It is worth acknowledging that there is no such thing as a risk-free investment. Everything has risks, even cash.

What is generally used as a proxy for the return of a risk-free, guaranteed investment is the current return of the 3-Month (90 or 91 day) Treasury Bill.

The return of the 3-Month Treasury Bill has been as high as 16.30% (in May, 1981) and as low as 0.01% (as recently as December, 2011).

Here is a graph of the historical return of the 3-Month Treasury Bill from the Board of Governors of the Federal Reserve System (US), 3-Month Treasury Bill: Secondary Market Rate [TB3MS], retrieved from FRED, Federal Reserve Bank of St. Louis at https://fred.stlouisfed.org/series/TB3MS.
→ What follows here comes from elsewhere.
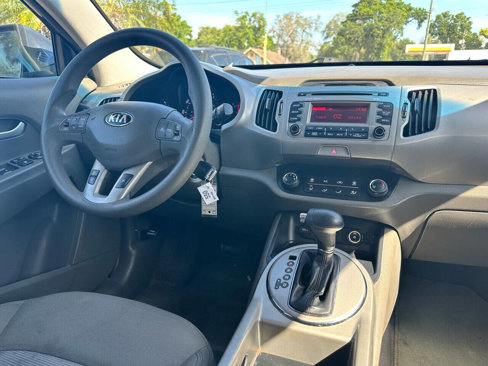 Used 2016 Kia Sportage LX image 9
The reason why it is important to factor out the return of a risk-free, guaranteed investment before computing a sharp ratio is because otherwise the current rate of inflation would skew the Sharpe Ratio and make it even less useful than it is.

Imagine if you knew that an investment in January of 1982 was going to have a 22% return with a standard deviation of 15% while the 3-month treasury rate was 12.28%. In that case the Sharpe Ratio would be (22% – 12.28%) / 15% = 0.648.

This is considered the equivalent return-to-risk ratio as an investment expected to have a 10.72% expected return with a standard deviation of 15% while the 3-month treasury rate in only 1.00%. In that case the Sharp Ratio would be the same (10.72% – 1%) / 15% = 0.648.

In this case the the return of a risk-free, guaranteed investment helps to factor out inflation and produce a measure of the real return (return minus inflation) per unit of risk.

Observations

Here are some lessons which we can learn from the return of a so-called risk-free guaranteed investment such as the 3-Month Treasury Bill.

1. In the long run, the return of the 3-Month Treasury Bill has been a good proxy for factoring out inflation.

Since 1934 the 3-Month Treasury Bill has averaged 3.620% and the CPI index has averaged 3.626%.

2. The real return of a so-called risk-free guaranteed investment has been -0.006%.

Had you invested in the 3-Month Treasury Bill since 1934 your annualized real return would have been negative.

3. In the short run, the return of the 3-Month Treasury Bill has varied significantly from inflation.

While the rolling 12-month averages of the 3-Month Treasury Bill and Consumer Price Index (CPI) have been nearly identical, the short term variation has been significant. The 12-month rolling averages have differed by 2.44% on average.

3 Month Treasury and CPI

4. Officially inflation has been low since the government changed the way it is calculated, but we should not count on low inflation.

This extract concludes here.